I can only imagine how hard it must be for you not being able to see your mum. Its so sad. I am sure she must miss you too.

Have a lovely day at the lavender farm with your friends and enjoy your night of comedy it sounds like a good fundraiser to cheer you up.

I really feel for you.

Sending a big hug

Lynda 💕💕

Spiralsparkle profile image
Spiralsparkle in reply to dollydott

Thank you for your reply.

We had a good day.

I'm finding today tougher emotionally.

I kind of hope she has lost her memory of me, I've no idea what she thinks has gone on of even had it explained to her.

I pray everyday she is released from her suffering once & for all.

X

Kevin_1 profile image
Kevin_1

Hi Sam

I remember well the issues surrounding your Mum. So very hurtful.

So very sad.

Enjoy the Lavender and Comedy

Hugs

Kevin

xx

Spiralsparkle profile image
Spiralsparkle in reply to Kevin_1

Hi Kevin

Thank you for your reply

It is heartbreaking & traumatic.

I live in hope I one day get a call to go to her before she dies. I also pray everyday she is released once & for all from CBD.

How are you bearing up?

X

Kevin_1 profile image
Kevin_1 in reply to Spiralsparkle

Hi Sam

OK at the moment thanks.

We seem to be on a plateau and Liz is more settled.

Waiting for the storm I guess.

I just try to keep active, reading, wood fired bread baking, gardening, being bossed by Moggie.

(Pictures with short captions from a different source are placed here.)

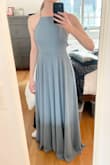 Extremely flattering, loose material that still creates a nice silhouette. The back is just perfect! Long enough for me (5'8") to wear 2-3" heels. - Lauren I.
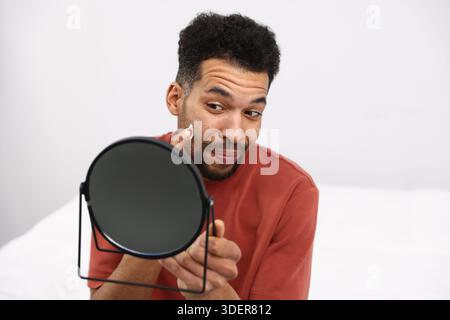 Gutaussehender Mann mit Spiegel, der zu Hause Creme auf sein Gesicht aufträgt Stockfoto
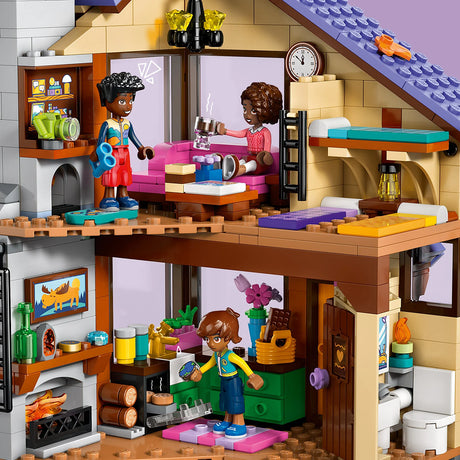 Toy house with a living room and kitchen area, featuring LEGO figures and furniture.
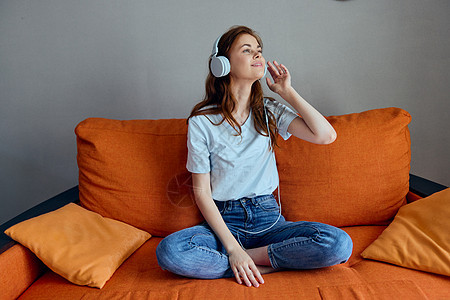 橙色沙发上的漂亮女人 用耳机技术收听音乐的歌声公寓乐趣女性音乐黑发客厅微笑快乐闲暇房间图片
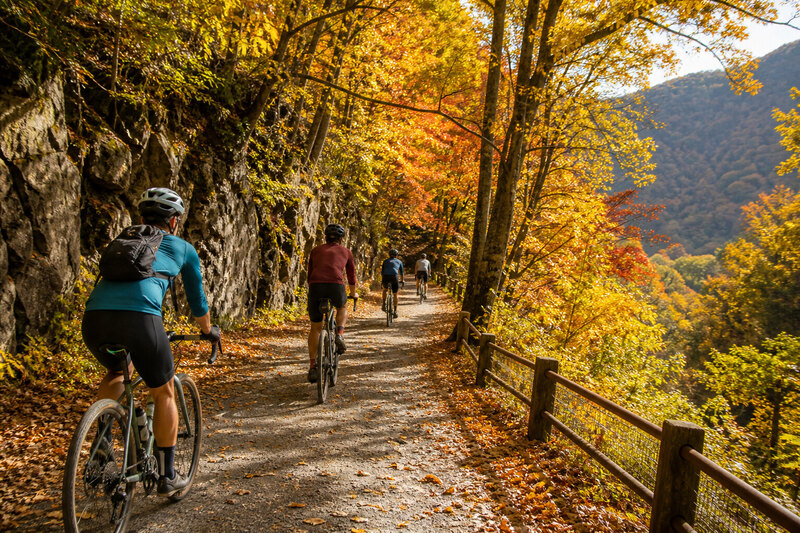 Cyclists on the Lehigh Gorge rail trail beside the river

It feels so empty inside sometimes.

Hugs to you

Warmly

Kevin

Spiralsparkle profile image
Spiralsparkle in reply to Kevin_1

I'm pleased that Liz is settled currently. I hear you on that waiting for the storm to hit again.

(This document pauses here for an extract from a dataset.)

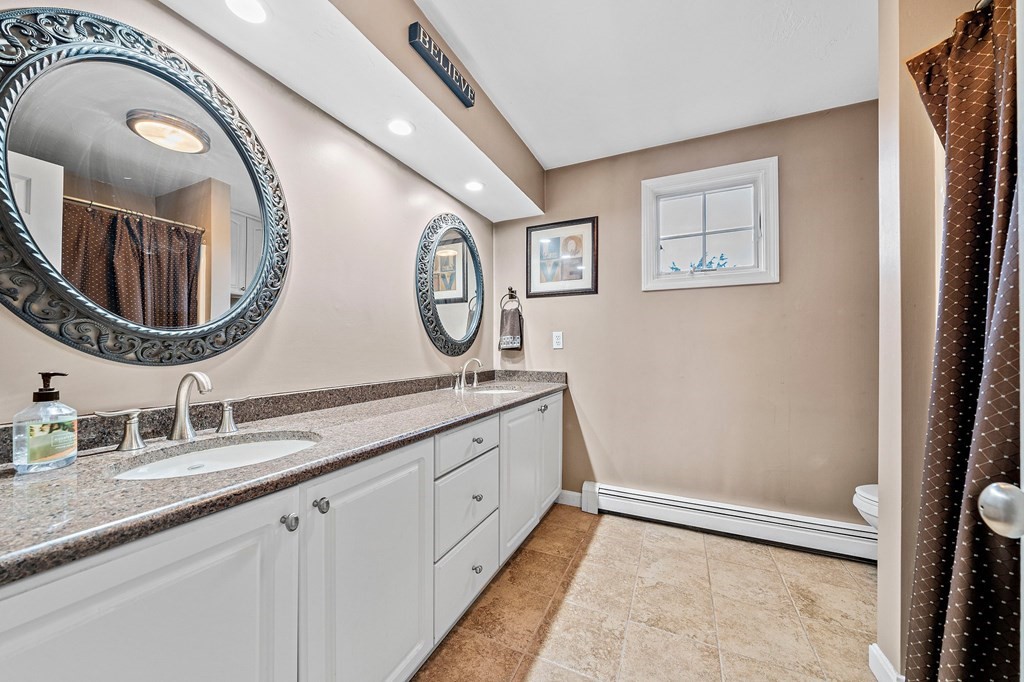20 Spring Valley Road Hull, MA 02045 - Photo 17 of 30 a bathroom with a double vanity sink and a mirror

The emptiness...that is a biggie indeed.

our dog Amber is very good at bossing me & helps me smile when I really don't feel I have one in me.

The wood fired baking sounds interesting.

I find nature therapeutic also.

Hugs to you & hugs to Liz when you next visit.

X

Sending you hugs of support on this special day. I am glad you will be busy with friends. It's toooo bad we can't fix all the broken systems in the world. Granni B

Spiralsparkle profile image
Spiralsparkle in reply to

Thank you for your reply .

How I want to fight all the systems that played a part in breaking our relationship apart so traumatically & not bothering to understand her condition. For now I focus on getting myself through each day.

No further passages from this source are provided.